Zero-Order One-Point Gradient Estimate in Consensus-Based Distributed Stochastic Optimization

Published: 19 Nov 2024, Last Modified: 19 Nov 2024Accepted by TMLREveryoneRevisionsBibTeXCC BY 4.0
Abstract: In this work, we consider a distributed multi-agent stochastic optimization problem, where each agent holds a local objective function that is smooth and strongly convex and that is subject to a stochastic process. The goal is for all agents to collaborate to find a common solution that optimizes the sum of these local functions. With the practical assumption that agents can only obtain noisy numerical function queries at precisely one point at a time, we consider an extention of a standard consensus-based distributed stochastic gradient (DSG) method to the bandit setting where we do not have access to the gradient, and we introduce a zero-order (ZO) one-point estimate (1P-DSG). We analyze the convergence of this techniques using stochastic approximation tools, and we prove that it \textit{converges almost surely to the optimum} despite the biasedness of our gradient estimate.

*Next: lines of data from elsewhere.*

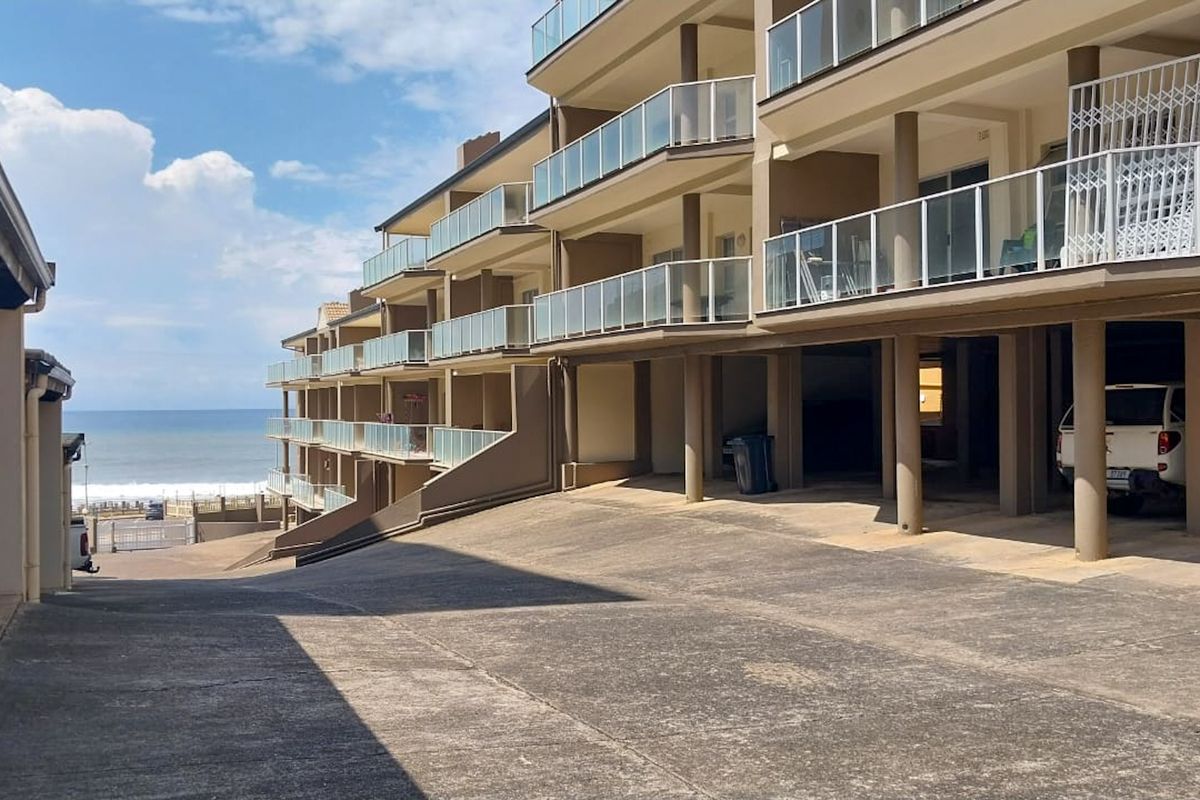 Exterior view of the apartment complex featuring tiered balconies with glass balustrades, concrete driveway, and covered parking area with ocean views.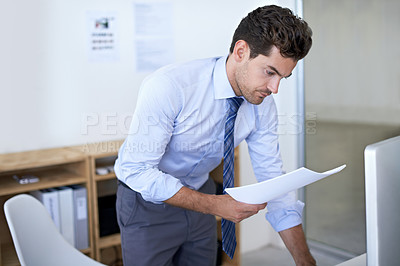 Buy stock photo Businessman, computer and paperwork online research or feedback review for internet, brainstorming or legal document. Male person, report and financial consultant for budget, accounting or investing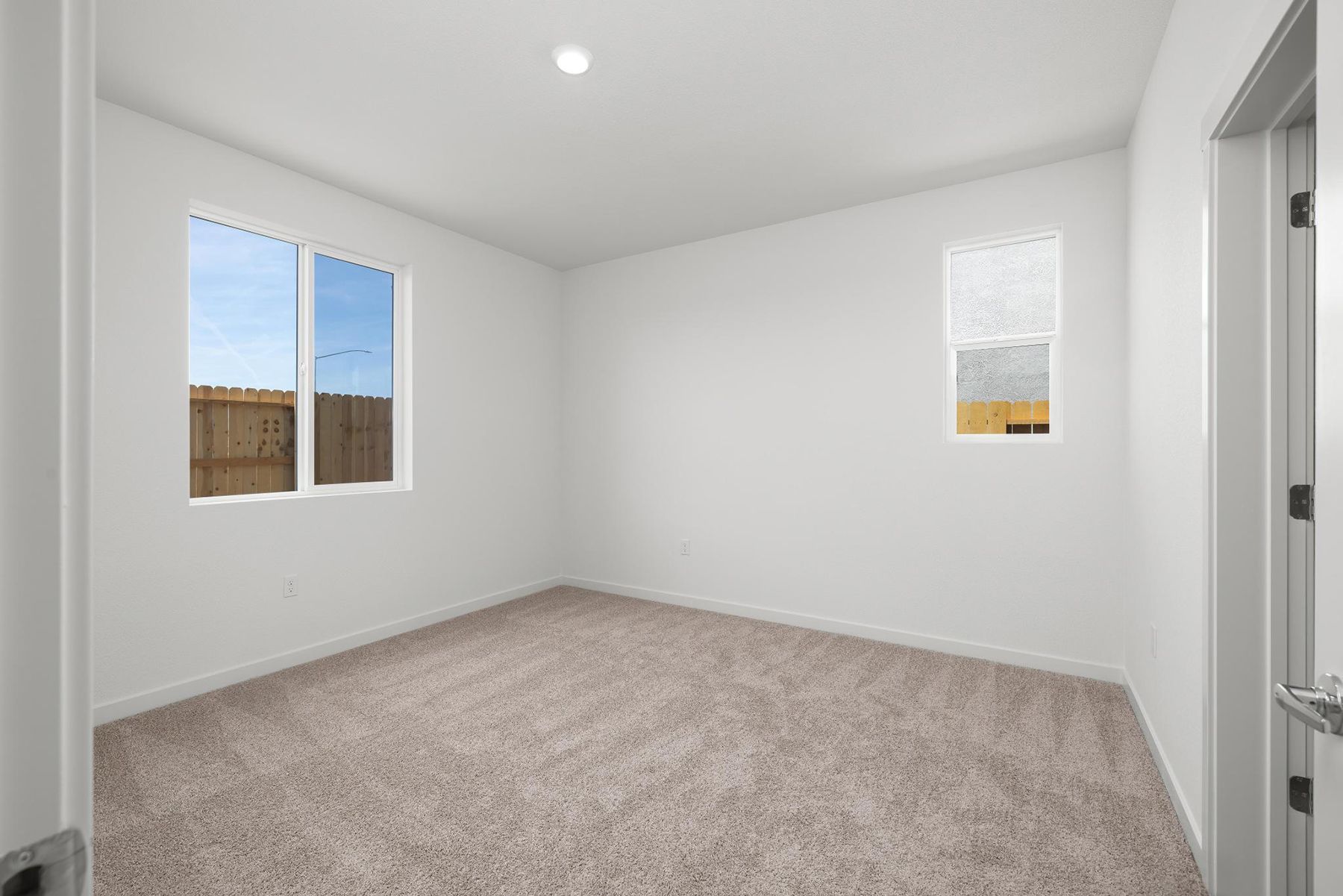 The master bedroom is spacious and has carpet.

We then study the convergence rate of our method. With constant step sizes, our method competes with its first-order (FO) counterparts by achieving a linear rate $O(\varrho^k)$ as a function of number of iterations $k$. To the best of our knowledge, this is the first work that proves this rate in the noisy estimation setting or with one-point estimators. With vanishing step sizes, we establish a rate of $O(\frac{1}{\sqrt{k}})$ after a sufficient number of iterations $k > K_0$. This rate matches the lower bound of centralized techniques utilizing one-point estimators. We then provide a regret bound of $O(\sqrt{k})$ with vanishing step sizes. We further illustrate the usefulness of the proposed technique using numerical experiments.
Submission Length: Long submission (more than 12 pages of main content)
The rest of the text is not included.